After Tuesday’s turn, natural gas rebounded again after finding support at the initial base at $6.064 as EIA's latest projections for 2022 were higher than its October forecasts of 97.56 bcfd for supply and 87.89 bcfd for demand.
On Tuesday, the U.S. Energy Information Administration (EIA) presented its Short-Term Energy Outlook, which indicates U.S. demand and production will rise to record highs in 2022.
In the daily chart, natural gas tested a day’s low at $6.064, which is the long-term support, before starting a reversal on Wednesday.
If this support maintains for some time, the first breakout above the immediate resistance at $6.248 will confirm an upward trend.
The next confirmation will be with the next sustainable move above $6.512 before proceeding toward 200 DMA, which is currently at $6.686.
The bulls could attempt to stay above this before proceeding more upward, but still, the fear of sudden slide continues to hover as the weather still looks to favor the bears.
The pre-winter season could cause a surge in demand, but supply and storage concerns could result in selling sprees if production rises in the short term.

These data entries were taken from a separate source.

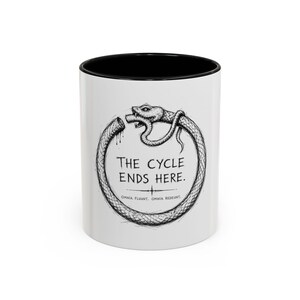 May include: A white ceramic mug with a black interior and rim. The exterior features a black ink-style illustration of an Ouroboros snake eating its own tail. Centered text reads: The cycle ends here. Below is the Latin phrase: Omnia fluunt, omnia redeunt.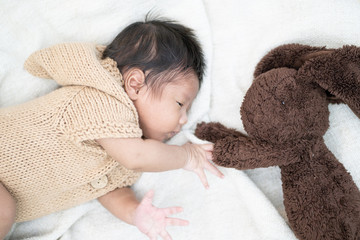 Adorable newborn baby peacefully sleeping with brown rabbit doll on a white blanket.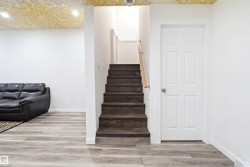 Staircase with wood-finish treads and light wood handrail, featuring white trim and a white paneled door - 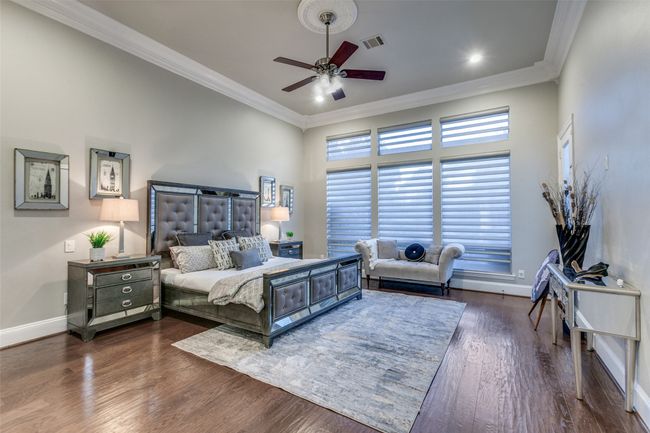 Tucked away to the left side of the home is the spacious primary suite, a tranquil, quite retreat to call your own. With hardwood flooring, custom automated Hunter Douglas shades, and your own door leading privately to the back yard. | Image 17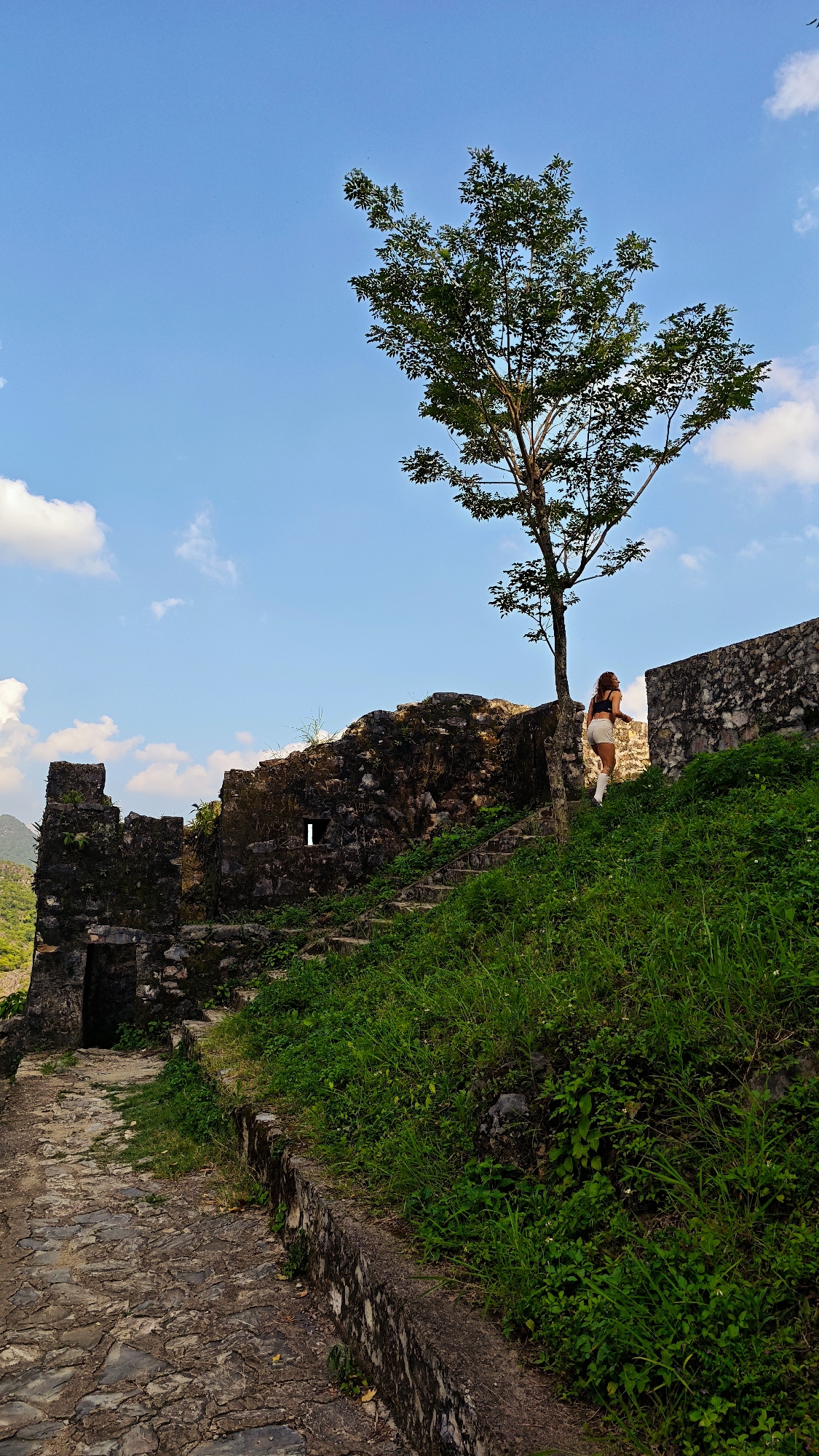 A woman walks up stone steps alongside a weathered stone wall at the Citadel of the Hồ Dynasty in Đường Thượng Commune, Vietnam. The wall, partially overgrown with grass, ascends a grassy slope leading to a tree. A crumbling stone structure with an arched opening is visible to the left. The sky is blue with scattered clouds. A paved path leads towards the stone structure.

On the other hand, changing climate patterns could disrupt the demand-supply equation, resulting in wild price swings until this year's end.
In the daily chart, natural gas is currently trading below the 9 DMA, which is currently at $6.384, indicating weakness.
Despite forming a ‘bullish crossover’ in the daily chart, weakness could persist if prices fail to hold the 26 DMA, which is the next significant support at $5.986.
A breakdown below $5.676 could push prices to hit the next significant support at $5.048.
Disclaimer: The author of this analysis does not have any position in Natural Gas. Readers are advised to take any position at their own risk, as Natural Gas is one of the most liquid commodities in the world.